「福島だから」学べるものを…入戸野修・福島大学長に聞く『読売新聞』2012年7月2日付

『読売新聞』2012年7月2日付

「福島だから」学べるものを…入戸野修・福島大学長に聞く

 福島大は昨年3月11日の震災発生時から学内の施設を避難所として開放し、翌4月には災害研究拠点を設けるなど、被災者支援の先頭に立ってきた。復興に向け、地元の国立大学が果たすべき役割は何か。入戸野修学長に展望を聞いた。

――被災地の大学としての役割をどう考えるか。

 「地域の大学として地元と長く付き合っていくというのが基本的な立場だ。震災後、県外から多くの大学(関係者)が訪れたが、現地調査をして資料を大学に持ち帰るなど、支援ではなく研究になりがちだった。私たちには地域に密着して研究活動を行ってきた歴史があるから、各教員が専門分野で生の声を聞いて支援につなげることができる。そこから新たな研究課題も生まれてくるはずだ」

――昨年4月に設置した「うつくしまふくしま未来支援センター」は、復興支援や災害科学研究の拠点となると期待されているが。

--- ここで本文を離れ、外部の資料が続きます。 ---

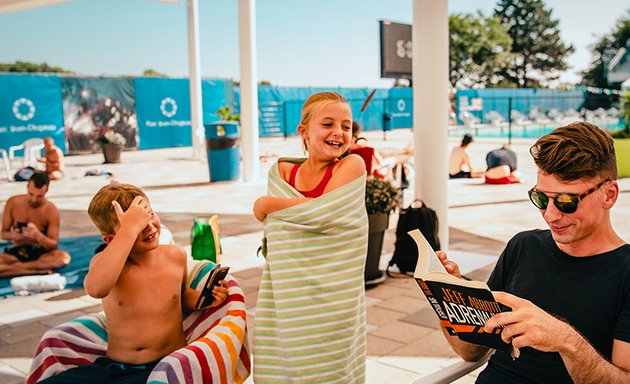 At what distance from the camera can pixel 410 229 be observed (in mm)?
5770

 「震災直後から教員、職員、学生たちがそれぞれに空間線量を測定したりボランティア活動をしたりし始めた。それらの多岐にわたる活動をきちんとまとめ、発信していくのが大学の役割だと考えた。今年4月からは外部から専任教員も招き、センター員38人態勢で本格的に始動した。『復興計画支援』『子ども・若者支援』など4分野で活動している」

――具体的な活動や成果は。

 「放射線量マップ、自治体の復興計画、地熱発電による土湯温泉(福島市)の復興施策、子供の心理調査など、さまざまな作成や支援をしている。学生も多く参加して、現場の体験を通して実践力を身に着けている。本来の目的は復興支援だったが、教育の場としての機能も備わってきた」

――今年4月には、立教大(東京・豊島区)と協力して大学院地域政策科学研究科のサテライト講座を東京で開講した。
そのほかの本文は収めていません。